-- PROBLEM DESCRIPTION --
Set down, please, the line that contains "Santa Claus is" and every line that follows it to the end of the records, exactly; do not include pictures.

.....

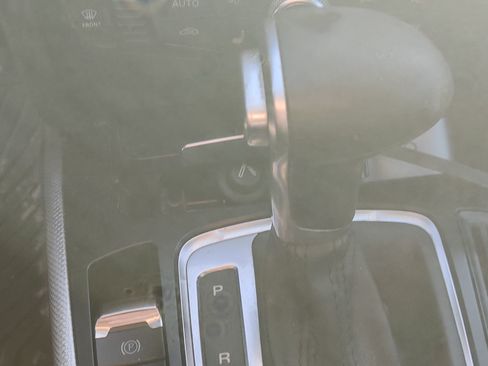 Used 2014 Audi A4 Premium w/ Lighting Package image 6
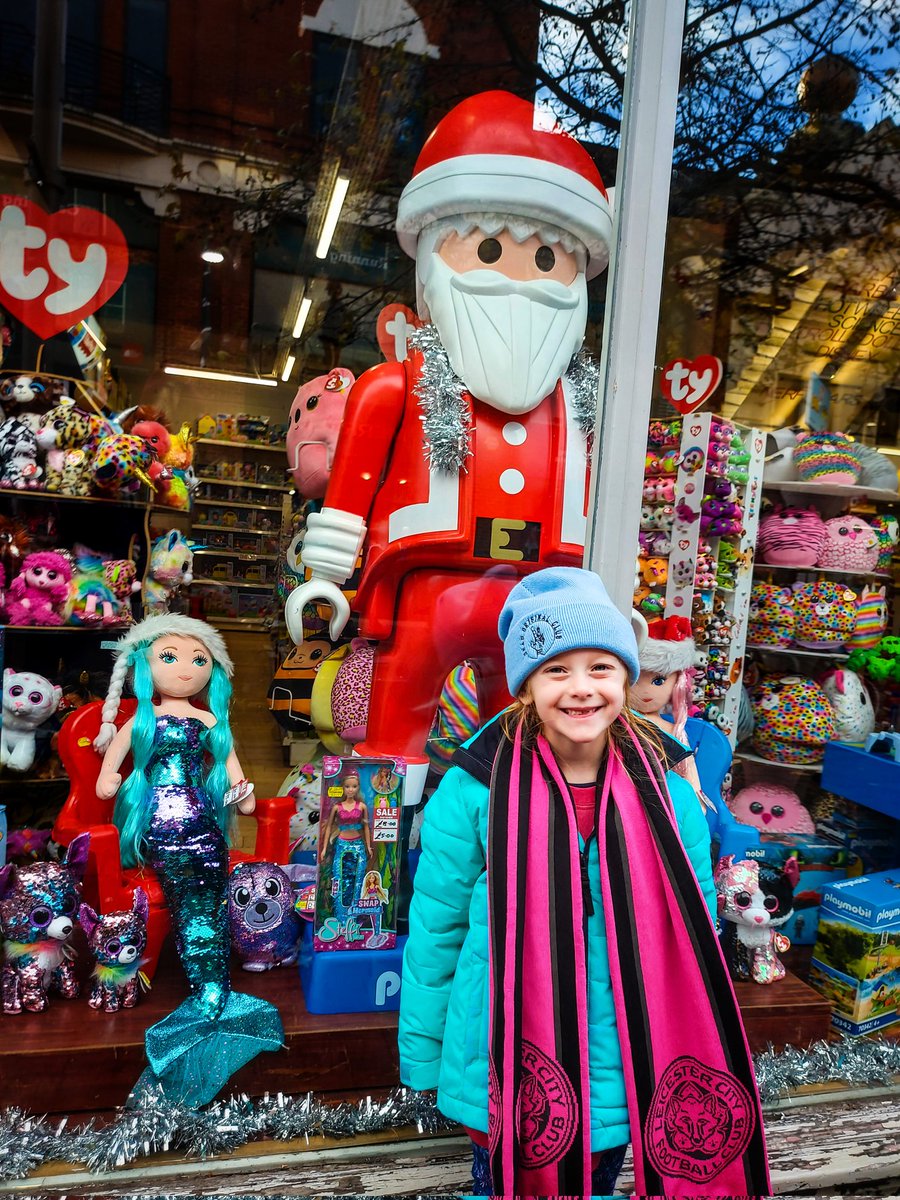 Santa Claus is coming to town 🤩🎅 @PlaymobilUK @TOYTOWN_UK
#Christmas #christmasinleicester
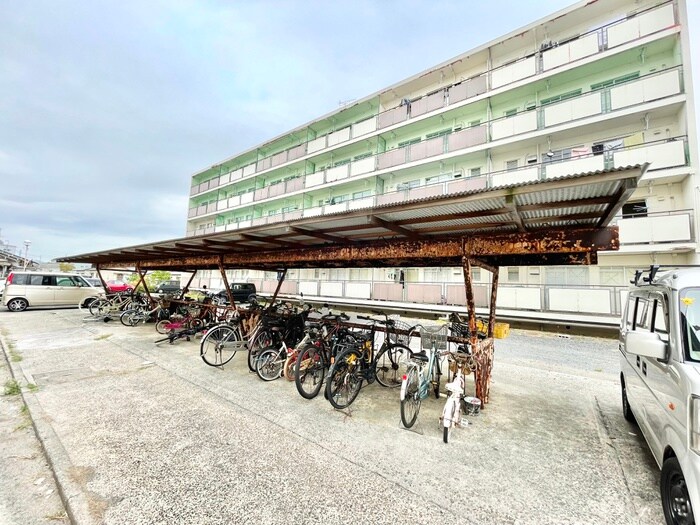 物件外観写真3　(駐輪場)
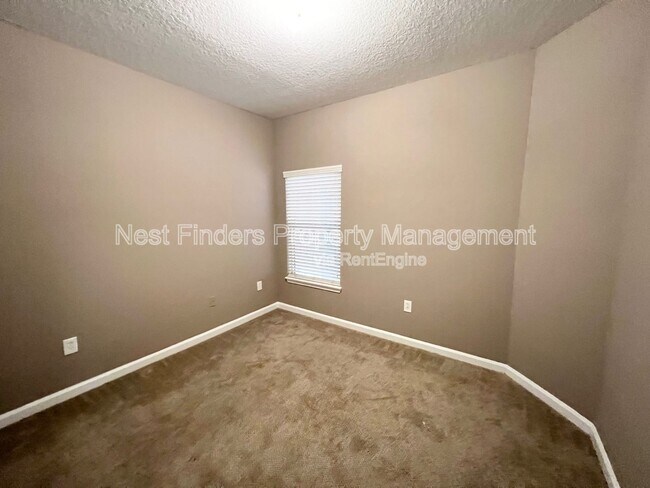 Building Photo - 8210 Green Parrot Rd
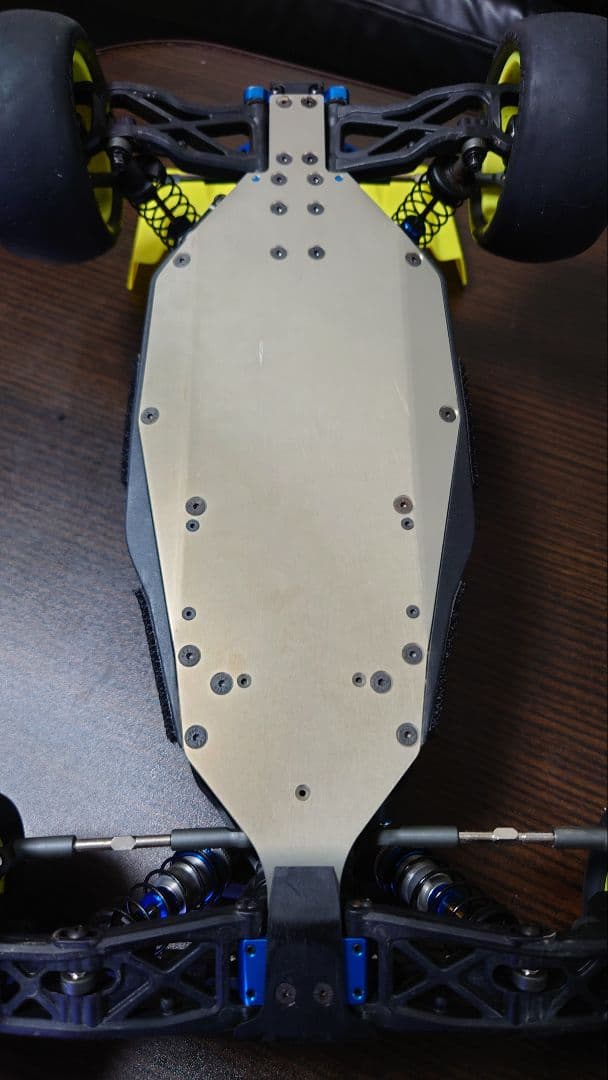 ASSOCIATED RC10 B7D車体のみ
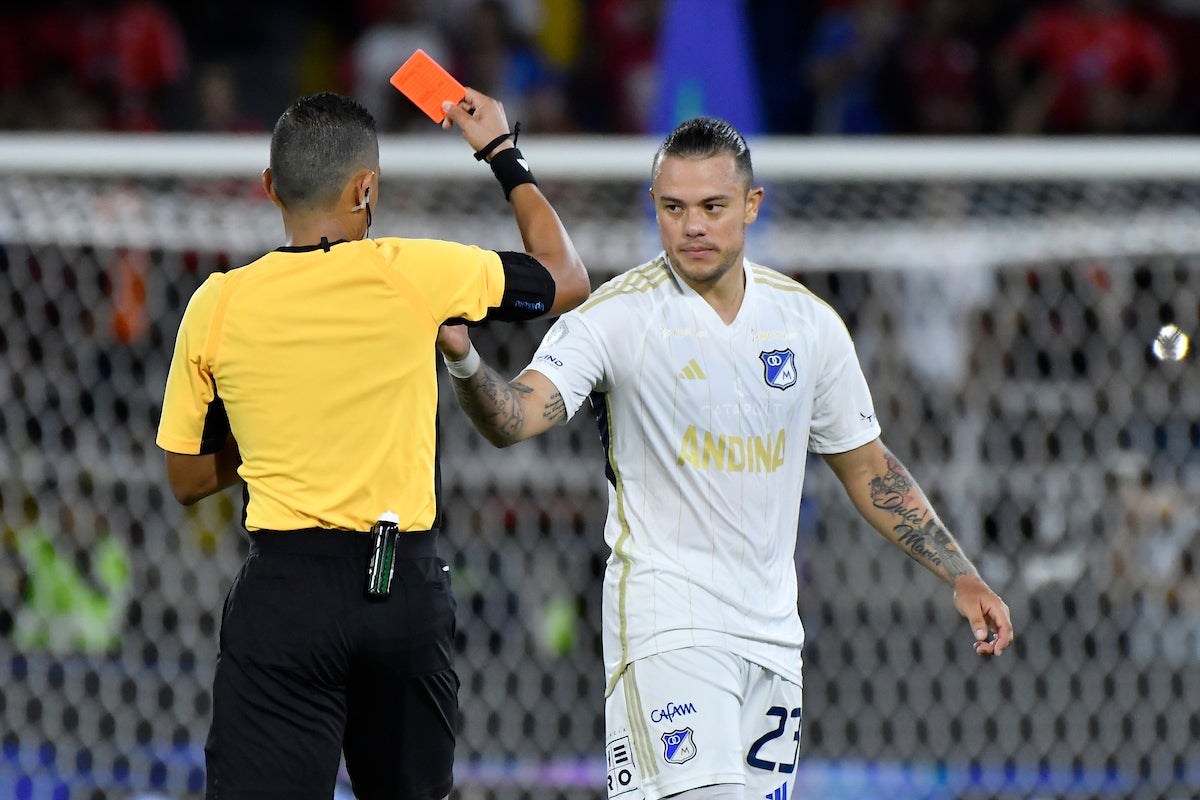 Leonardo Castro fue expulsado del América 2-1 Millonarios en tiempo de adición - VizzorImage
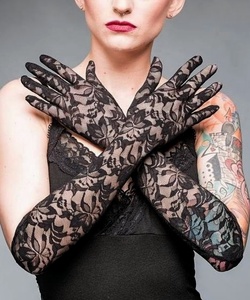 Gotické krajkové celoprsté rukavice dlouhé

.....

-- REPLY TO THE TASK --
 Santa Claus is coming to town 🤩🎅 @PlaymobilUK @TOYTOWN_UK
#Christmas #christmasinleicester
 物件外観写真3　(駐輪場)
 Building Photo - 8210 Green Parrot Rd
 ASSOCIATED RC10 B7D車体のみ
 Leonardo Castro fue expulsado del América 2-1 Millonarios en tiempo de adición - VizzorImage
 Gotické krajkové celoprsté rukavice dlouhé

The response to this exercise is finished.